CUMHURİYETİMİZİN 101.YILINDA KONJONKTÜREL KÖRLÜK DEMOKRATİK NANKÖRLÜK İLE KÜRESEL İHTİLALE ZEMİN HAZIRLAYANLARA İZİN VERMEYECEĞİZ!
Tarihî günlerden geçiyoruz. Hem ülkemiz hem de uzak ve yakın komşumuz olan ülkeler benzer sorunlarla çalkalanıyor.
Bölgemiz, adeta ülkemizin 1980 öncesi “KONTROLLÜ KAVGALI ZITLIKLAR” üzerinden, başta İsrail- İran ve Rusya-Ukrayna olmak üzere, birçok taşeron örgütün de katılımıyla “KÜRESEL İHTİLALE HAZIRLANIYOR” diye düşüyorum.

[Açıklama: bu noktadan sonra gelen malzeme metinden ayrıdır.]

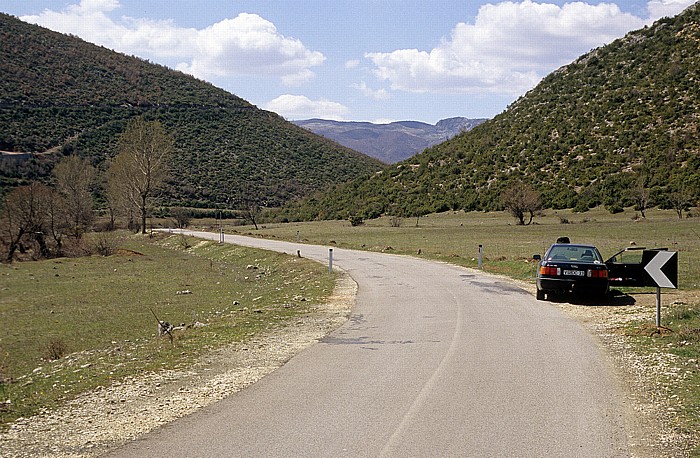 Albanien Straße Erseka - Përmet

Bölge ülkeleri artık vekâlet savaşlarını besliyor; onlar adına hareket eden örgütler var, örgütler, onlar adına çatışıyor, savaşıyor.
Karmaşık ilişkiler ağıyla örülü iç ve dış siyasette, yol gösterici olması açısından hafızamızı bir hatıra ile tazelemek yararlı olacaktır.

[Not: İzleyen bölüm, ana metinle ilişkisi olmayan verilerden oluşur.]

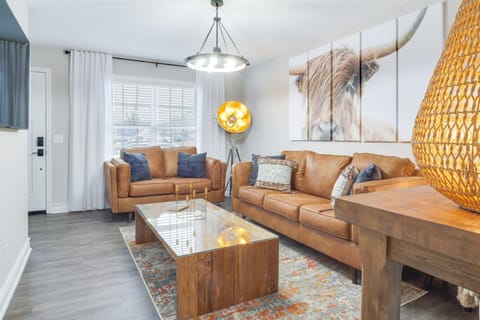 Modern Townhome Walk to Tennessee Tech University House in Cookeville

Yıl 2004. Telefonum çaldı, baktım, arayan Muhsin BAŞKAN idi.
BAŞKAN, “Nasılsın gardaş, ‘Zaman Gazetesi’ var mı?” diye sordu.
Ben de “Bulabilirim.” dedim.
BAŞKAN, “Bir bak.” dedi. “Senin cümleler literatüre girmiş!”.
Vedalaşıp telefonu kapattıktan sonra, gazete aldırdım.
Bir baktım, dönemin “makbul” ve “meşhur” yazarı Ekrem Dumanlı, “GELECEĞİ EN İYİ GÖREN LİDER” başlıklı bir yazı ile Muhsin BAŞKAN’ı yazmış.
Benim, Muhsin BAŞKAN’a 2002 yılında sunduğum bir raporda yer alan “BİRİLERİ BİRİLERİNİ ÖVE ÖVE, DİĞERLERİNİ SÖVE SÖVE İKTİDARA TAŞIYOR” cümlelerimden bahisle en az yarım sayfa yazı yazmıştı, Ekrem Dumanlı.
1980 öncesi, “sağ-sol” çatışma dönemini hatırlayın lütfen.
Bu ülkenin birinci sınıf, zeki ve yürekli çocukları ya “sağ-sol” ya da bir kısmı gayri meşru alanda “APO” üzerinden kamplara ayrılmıştı. Diğer bir kısım için “CEMAAT” üzerinden önce meşru ve cazibe alanı yaratılmıştı; sonra, “KONTROLLÜ KAVGALI ZITLIKLAR” yöntemiyle birbirine kırdırılmıştı.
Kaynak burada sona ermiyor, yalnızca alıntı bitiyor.